True, the center’s operations chief, Matt Floca, filed a sworn declaration with a federal court later that day saying that Trump’s name had been removed. And true, a New York Times photographer captured evidence through an opening in the tarp that the letter “A” came off. Another photographer recorded evidence of the demise of a “D.”
But in a downer denouement for Trump’s critics, a week later the tarps are still there, prompting some to wonder whether at least some of the letters are, too. As of Friday evening, there was no visual evidence that the letters splashed across the building had been restored to “The John F. Kennedy Memorial Center for the Performing Arts.”

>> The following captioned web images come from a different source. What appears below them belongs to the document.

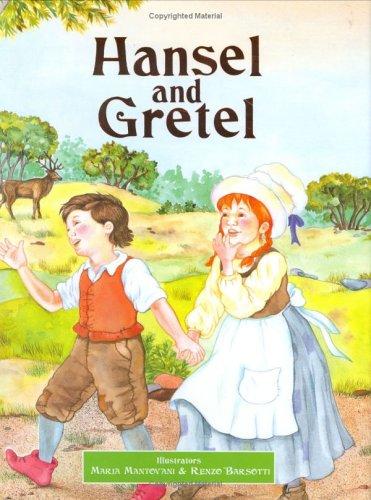 Cover for Hansel and Gretel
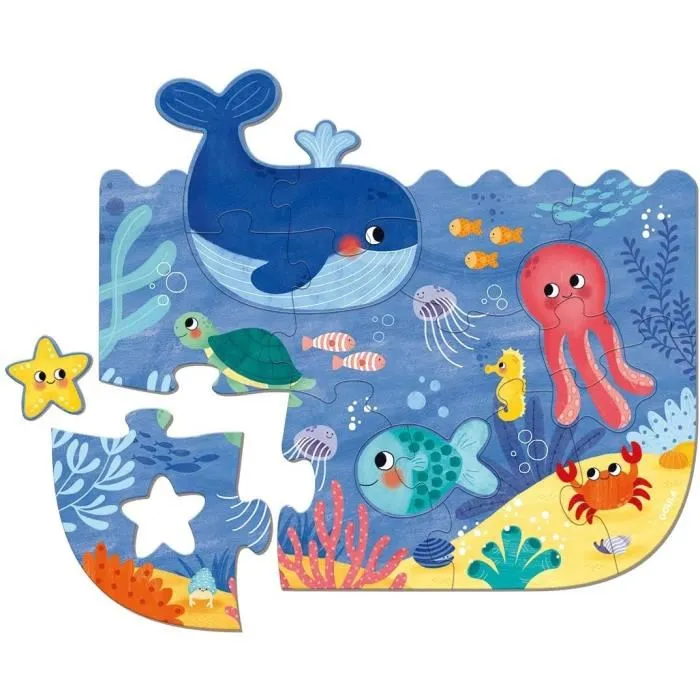 Goula Puzzle XXL Océano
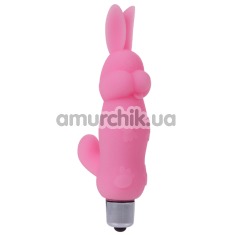 Клиторальный вибратор Fabulous Rabbit, розовый - Фото №1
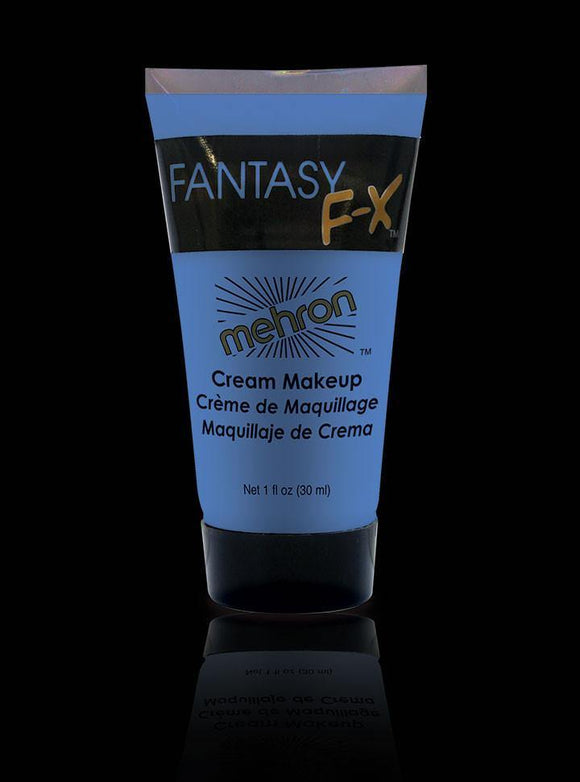  Mehron FX Water Based Makeup-Blue, Face Paint, Mehron, tmyers.com - T. Myers Magic Inc.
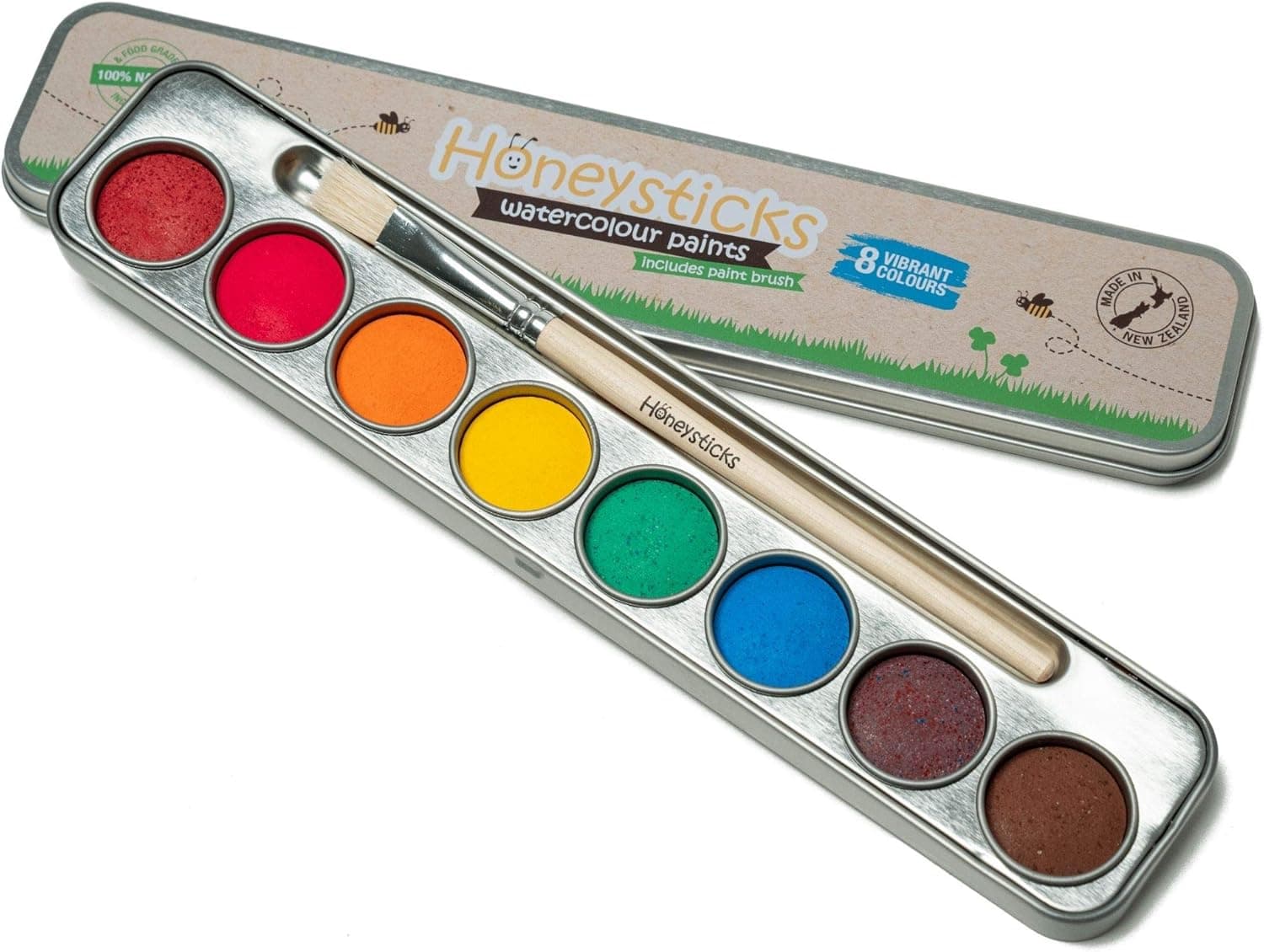 Ensemble de peinture aquarelle non toxique pour enfants et tout-petits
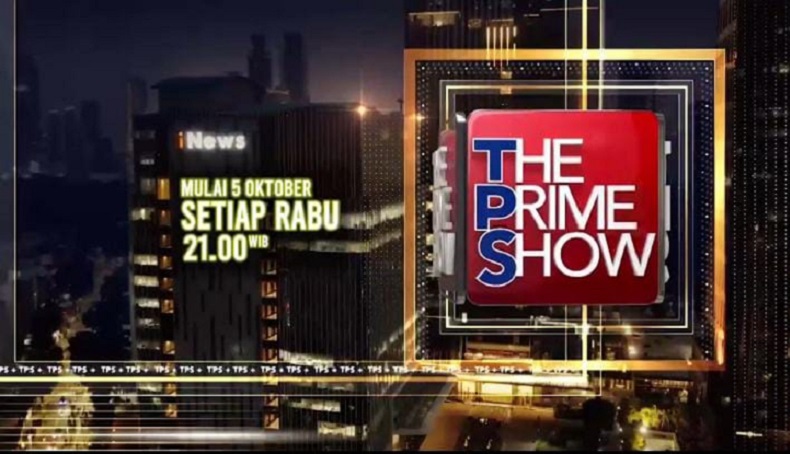 Isu Terpanas Siap Dikupas Tuntas dalam Program Terbaru The Prime Show, Tayang Perdana Besok, Hanya di iNews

Peering behind the tarps is impossible because they now lie tight against the building’s front.
“I don’t know if they took down the sign, because I can’t see it,” said Luna Woo, a violinist visiting from Portland, Oregon, as part of the National Symphony Orchestra’s Summer Music Institute. She and other young musicians in the program have been trying to see behind the tarps from a practice room overlooking them. No luck.
So when will the tarps come down?
A Kennedy Center spokesperson, Roma Daravi, emailed a terse response:
“The scaffolding and tarp will remain up as crews address maintenance needs of the marble and soffit panels. Best, Public Relations.”

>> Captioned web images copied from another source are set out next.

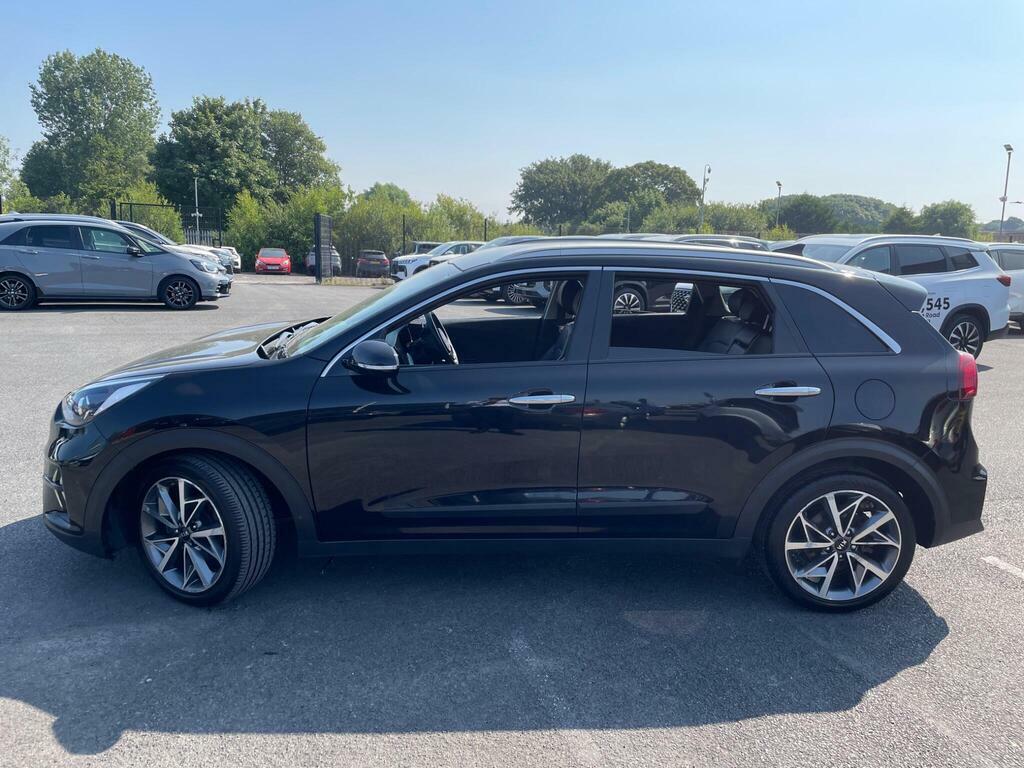 Kia Niro 1.6 Gdi 3 Dct Euro 6 Ss PJ21SBU Black #2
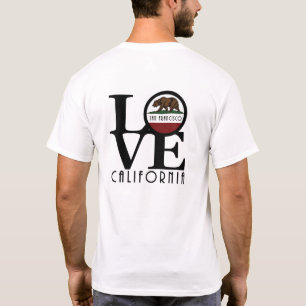 Camiseta LOVE San Francisco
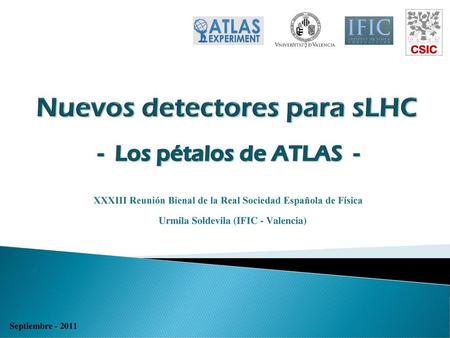 Nuevos detectores para sLHC
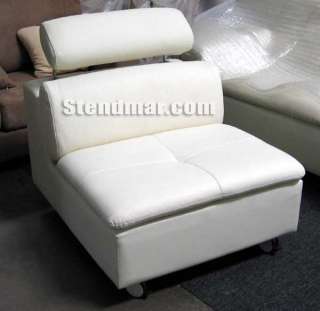 S1009G 4PC MODERN SECTIONAL LEATHER SOFA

To the president’s supporters, the situation is “a lot of hoopla over nothing” as one theatergoer, who declined to give her name, said this past week. To his opponents, the tarps are a towering symbol of Trump’s fragile ego.

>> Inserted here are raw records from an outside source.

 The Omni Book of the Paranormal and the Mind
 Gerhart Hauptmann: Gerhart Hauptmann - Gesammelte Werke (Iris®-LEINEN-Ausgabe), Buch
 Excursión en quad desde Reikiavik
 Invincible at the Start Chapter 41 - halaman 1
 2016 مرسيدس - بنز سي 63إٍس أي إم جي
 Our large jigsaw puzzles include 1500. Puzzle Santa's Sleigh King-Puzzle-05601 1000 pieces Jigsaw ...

“Donald Trump is embarrassed,” Rep. Joyce Beatty, D-Ohio, said in a statement. An ex officio Kennedy Center board member, Beatty had sued to block the president’s takeover of the center, including the name change. “He lost in court, his name came down, and now he is trying to hide the result from the public.”
In a filing late Friday, Beatty asked the court overseeing the case to order the Kennedy Center to provide a sworn declaration explaining the tarps’ purpose and when they would come down.
“A literal coverup, to add to all the others,” Rep. Jamie Raskin, D-Md., wrote on social media.
“How vain can one man be? It’s petty. It’s absurd,” Rep. Mike Levin, D-Calif., chimed in on social media, calling the edit of Trump’s name “a huge win.”
Skeptics pointed out that the center’s many other maintenance projects had not been shielded by tarps, including repairs to the marble facade.
“I think it doesn’t take that long to preserve marble, but also what do I know about preserving marble?” said Tommy Gedrich, an actor appearing in “Moulin Rouge! The Musical,” at the center. The tarps block two backstage entrances, so the “Moulin Rouge” cast has to circumnavigate the center, two football fields wide, to reach its Opera House stage.
Trump seized control of the Kennedy Center’s board in February 2025, installing loyalists who in turn named him chair. In December, the board voted to rename the Kennedy Center in Trump’s honor. A crew rolled a cherry picker up to the building’s facade and added “The Donald J. Trump and” atop the center’s original name.
The renaming accelerated boycotts by performers, ticket buyers and donors. In February, as audiences dwindled, Trump announced that the center would close for a two-year renovation project beginning in early July. The center’s board approved that plan, but Beatty, one of the few Democrats remaining on the board, objected to it in court.
In court filings, Floca said that removing Trump’s name would be “fundamentally destabilizing” to the center’s fundraising efforts and cause “irreparable harm.”
In late May, Judge Christopher R. Cooper of the U.S. District Court for the District of Columbia ordered the removal of Trump’s name from the building and all official branding by June 12. He further ordered the board to reexamine its decision to close the center in July. The status of those plans remains uncertain while the court battle plays out.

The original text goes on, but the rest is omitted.